What is needed> Exactly as they appear, write the lines from the one containing "Бесфосфатные таблетки для" to the final line of the entries, leaving pictures out.

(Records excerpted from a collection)
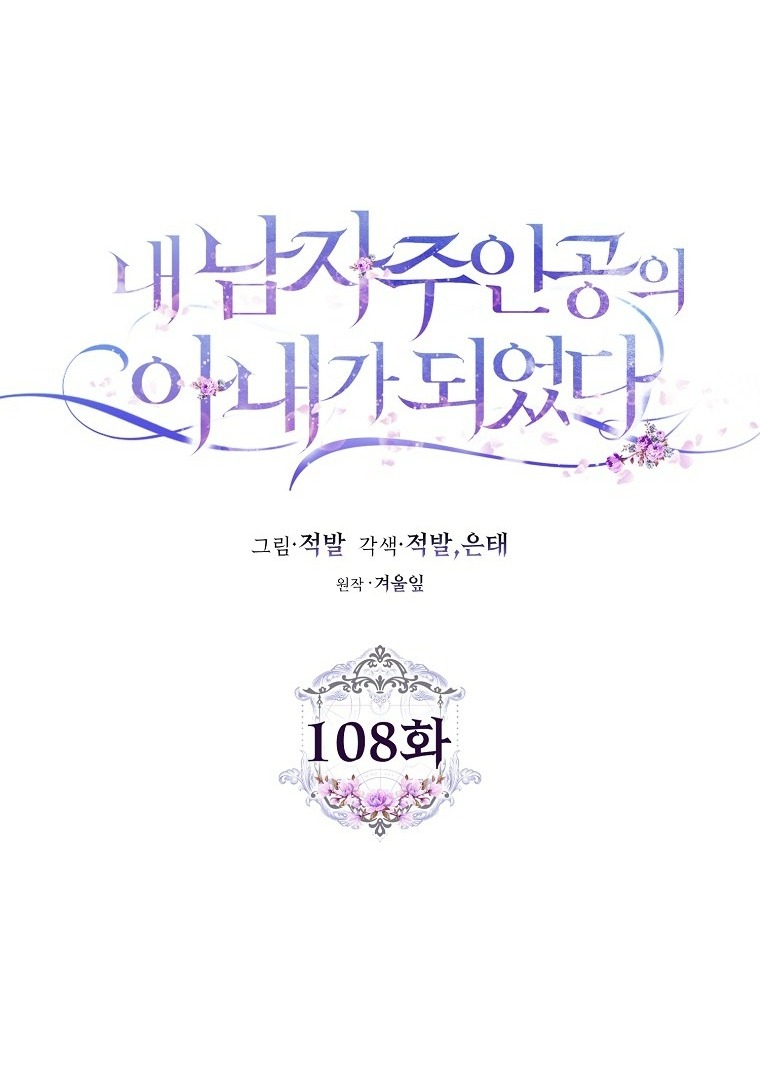 trở thành vợ của nam chính chapter 108 13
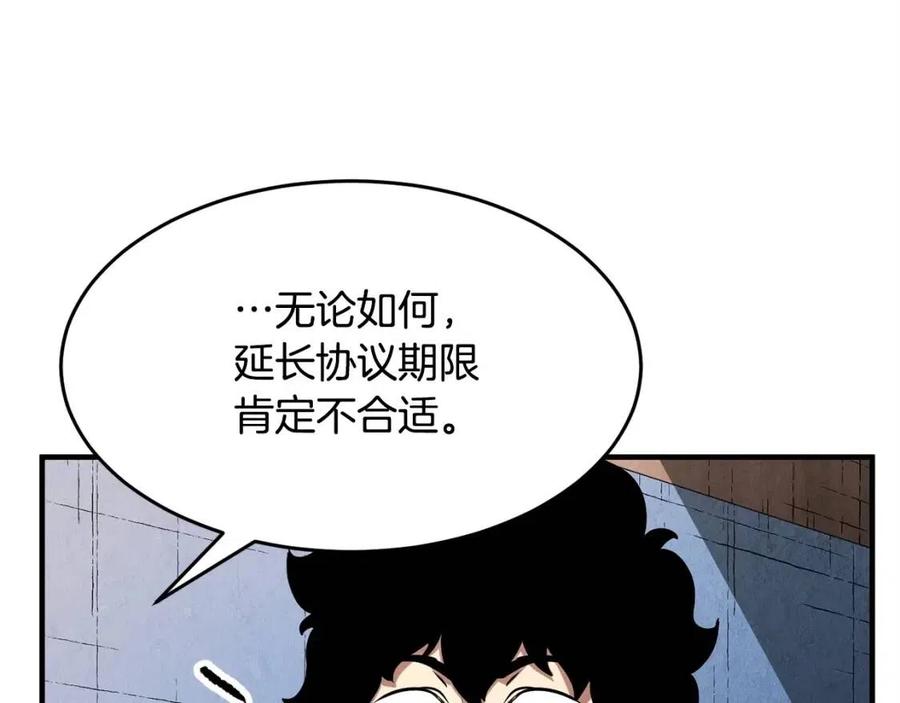 《颠覆武林世界吧！天魔！》第19话 功法传承 第82页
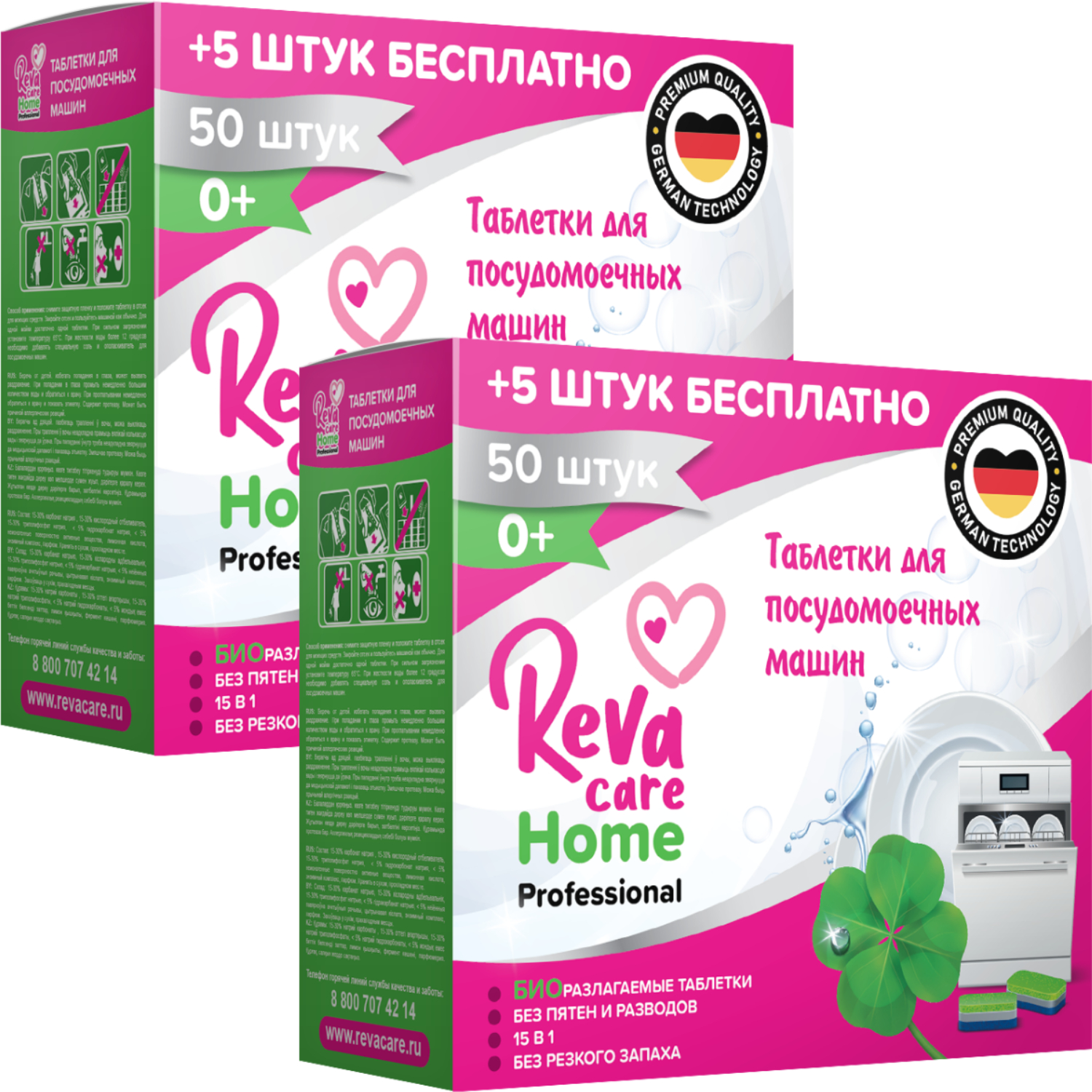 Бесфосфатные таблетки для посудомоечной машины Reva Care 15 в 1 - 2 уп по 55 шт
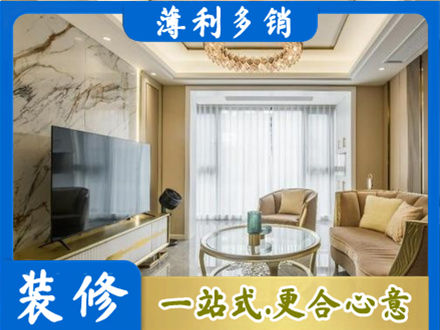 百色市田林装修公司49.jpg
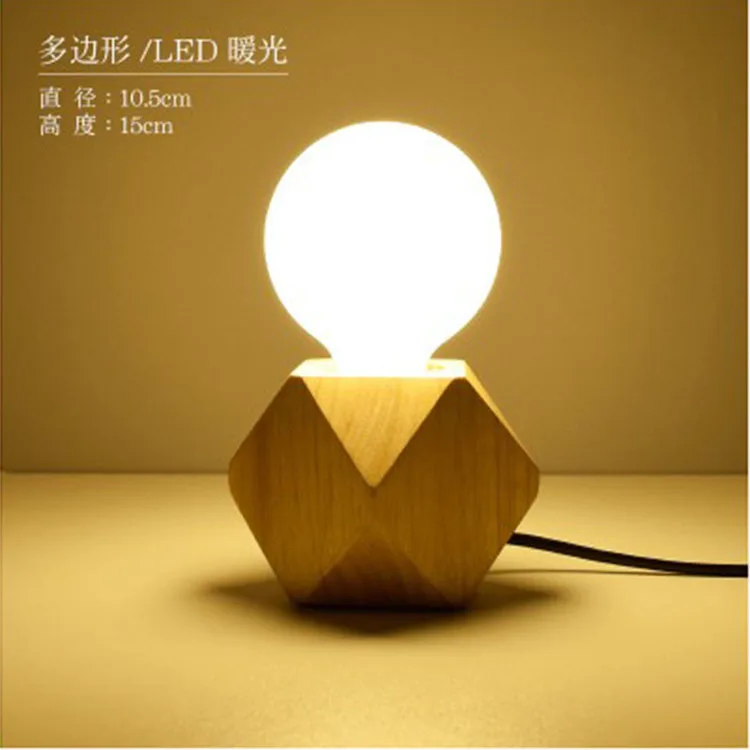 

Nordic lampada da tavolo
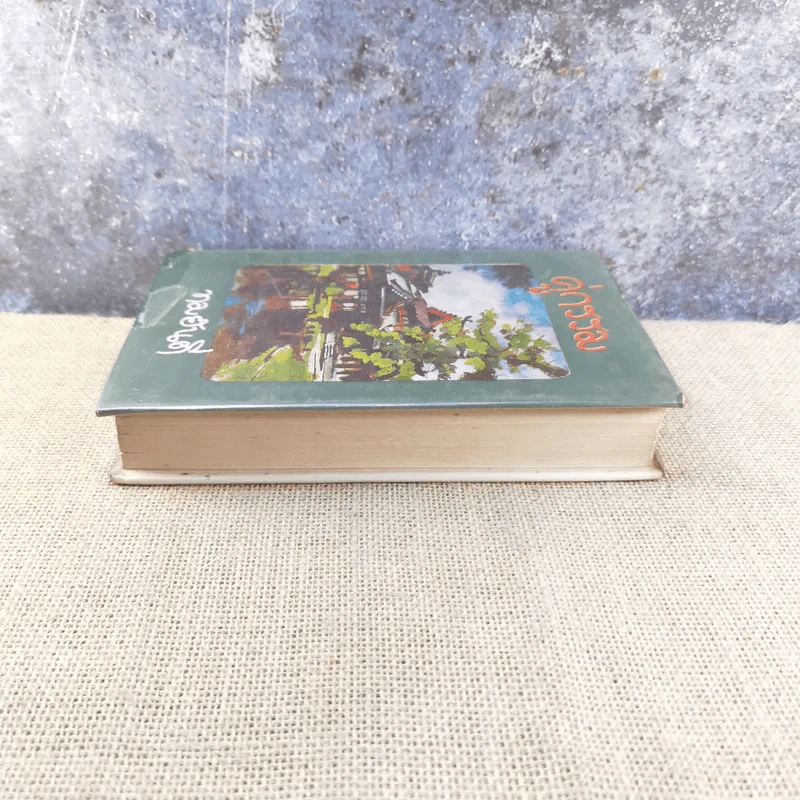 คู่กรรม เล่ม 1 - ทมยันตี รูปที่ 3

Answer to this exercise>
 Бесфосфатные таблетки для посудомоечной машины Reva Care 15 в 1 - 2 уп по 55 шт
 百色市田林装修公司49.jpg

Nordic lampada da tavolo
 คู่กรรม เล่ม 1 - ทมยันตี รูปที่ 3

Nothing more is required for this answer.